# PROBLEM
Within the listing that follows, reproduce exactly the lines starting at the line with "Used 2025 RAM 1500 Big Horn AWD/4WD image 10" and ending at the line with "MILWAUKEE M18 FSZ-502X", inclusive, and only those. Pictures are dropped.
-- GIVEN DATA follows --
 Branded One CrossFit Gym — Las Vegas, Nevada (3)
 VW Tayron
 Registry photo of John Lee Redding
-- GIVEN DATA concluded --
-- GIVEN DATA follows --
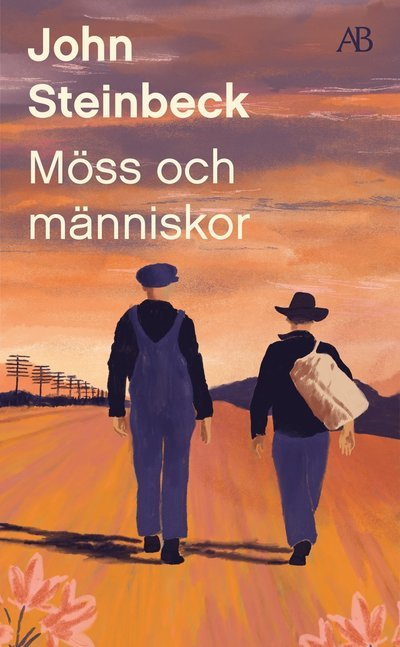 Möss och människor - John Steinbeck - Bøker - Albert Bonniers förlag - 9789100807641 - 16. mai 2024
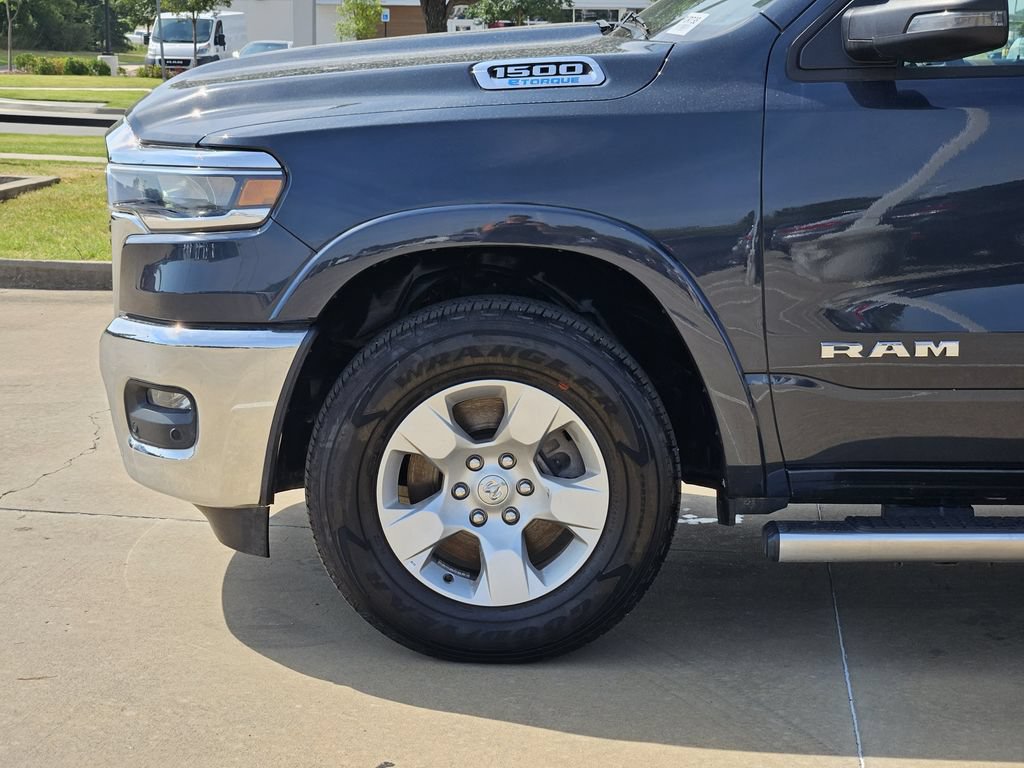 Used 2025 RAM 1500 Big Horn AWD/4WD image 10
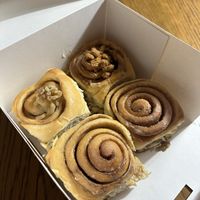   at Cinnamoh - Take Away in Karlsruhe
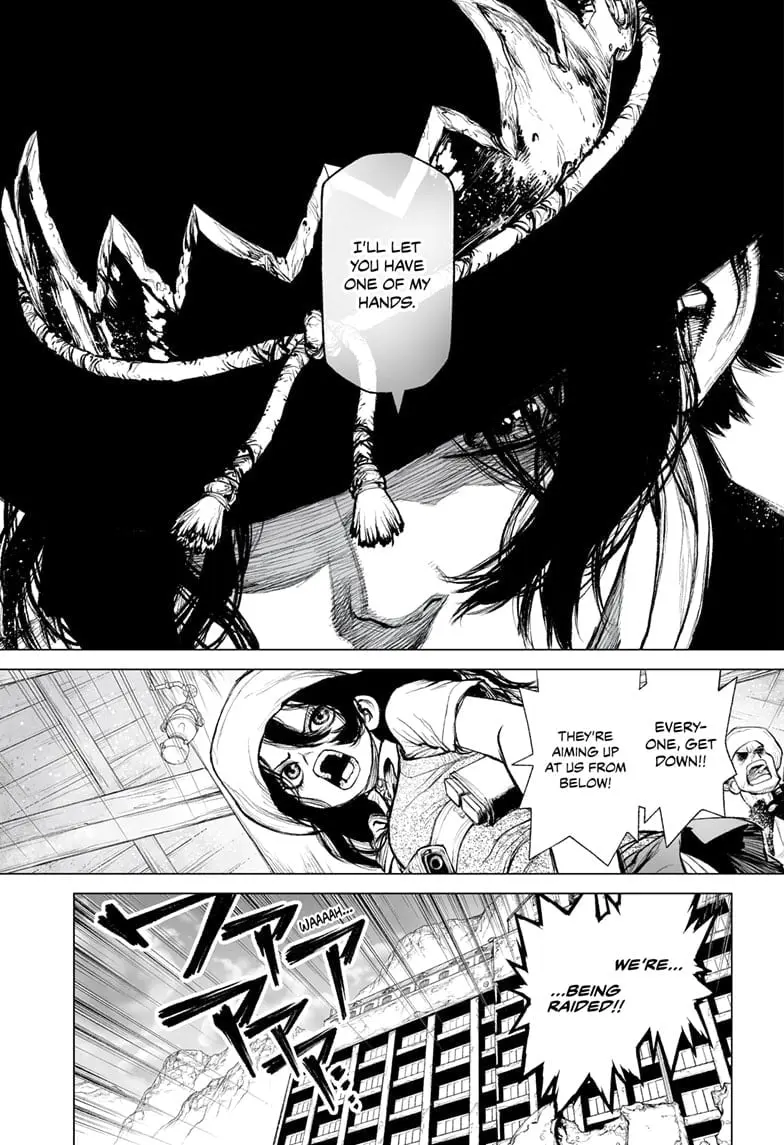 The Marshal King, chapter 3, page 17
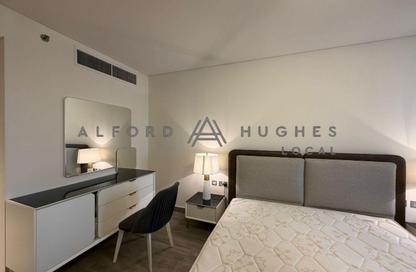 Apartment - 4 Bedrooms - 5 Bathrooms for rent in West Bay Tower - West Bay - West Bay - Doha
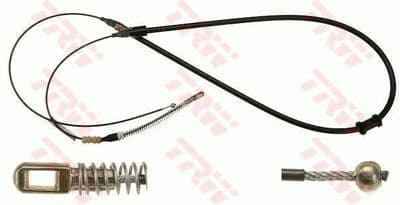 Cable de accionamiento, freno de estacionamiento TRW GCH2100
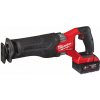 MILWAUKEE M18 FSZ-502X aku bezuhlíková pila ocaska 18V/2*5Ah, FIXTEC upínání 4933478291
-- GIVEN DATA concluded --
-- GIVEN DATA follows --
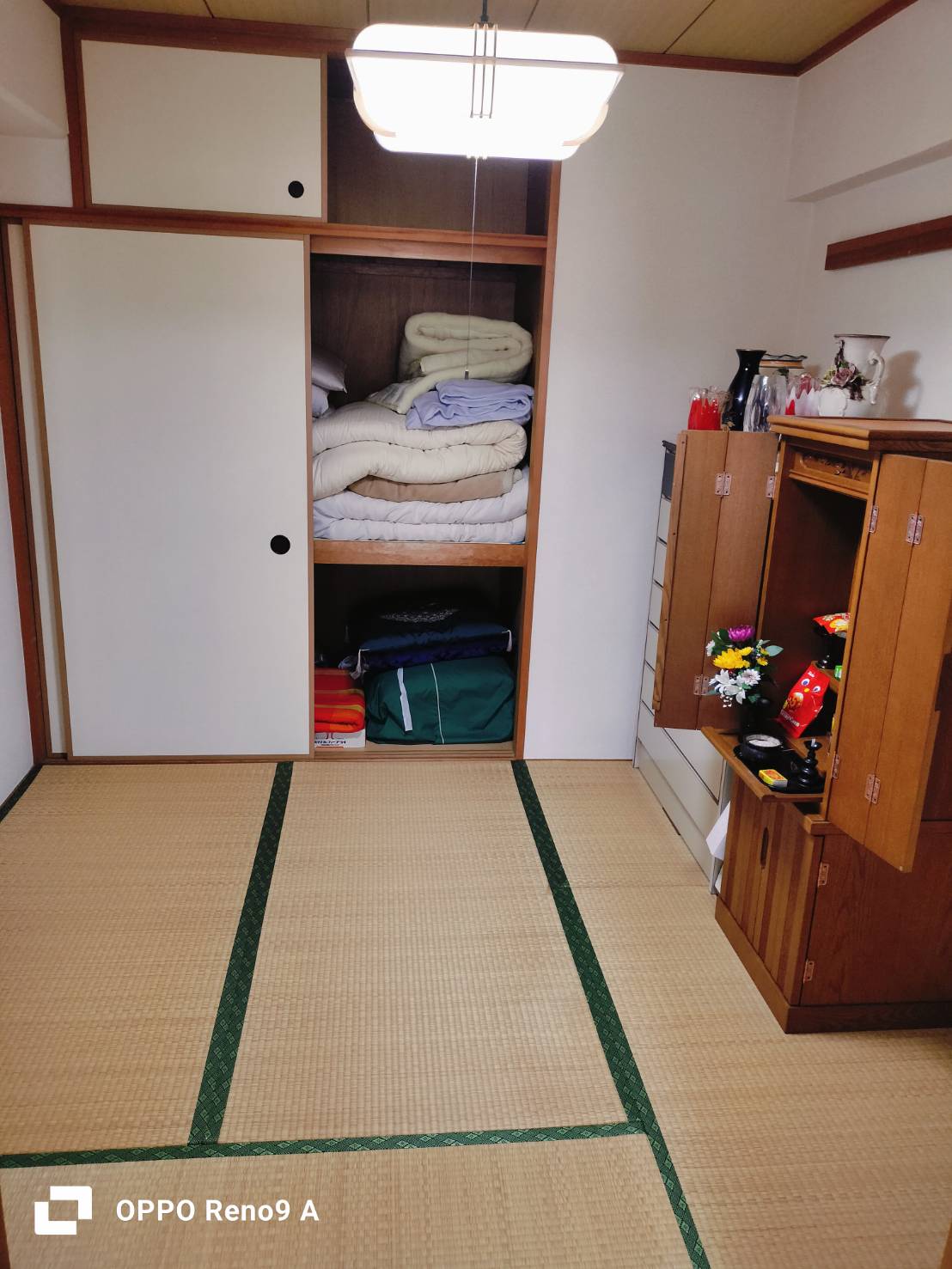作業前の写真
-- GIVEN DATA concluded --
# EXERCISE RESPONSE
 Used 2025 RAM 1500 Big Horn AWD/4WD image 10
   at Cinnamoh - Take Away in Karlsruhe
 The Marshal King, chapter 3, page 17
 Apartment - 4 Bedrooms - 5 Bathrooms for rent in West Bay Tower - West Bay - West Bay - Doha
 Cable de accionamiento, freno de estacionamiento TRW GCH2100
 MILWAUKEE M18 FSZ-502X aku bezuhlíková pila ocaska 18V/2*5Ah, FIXTEC upínání 4933478291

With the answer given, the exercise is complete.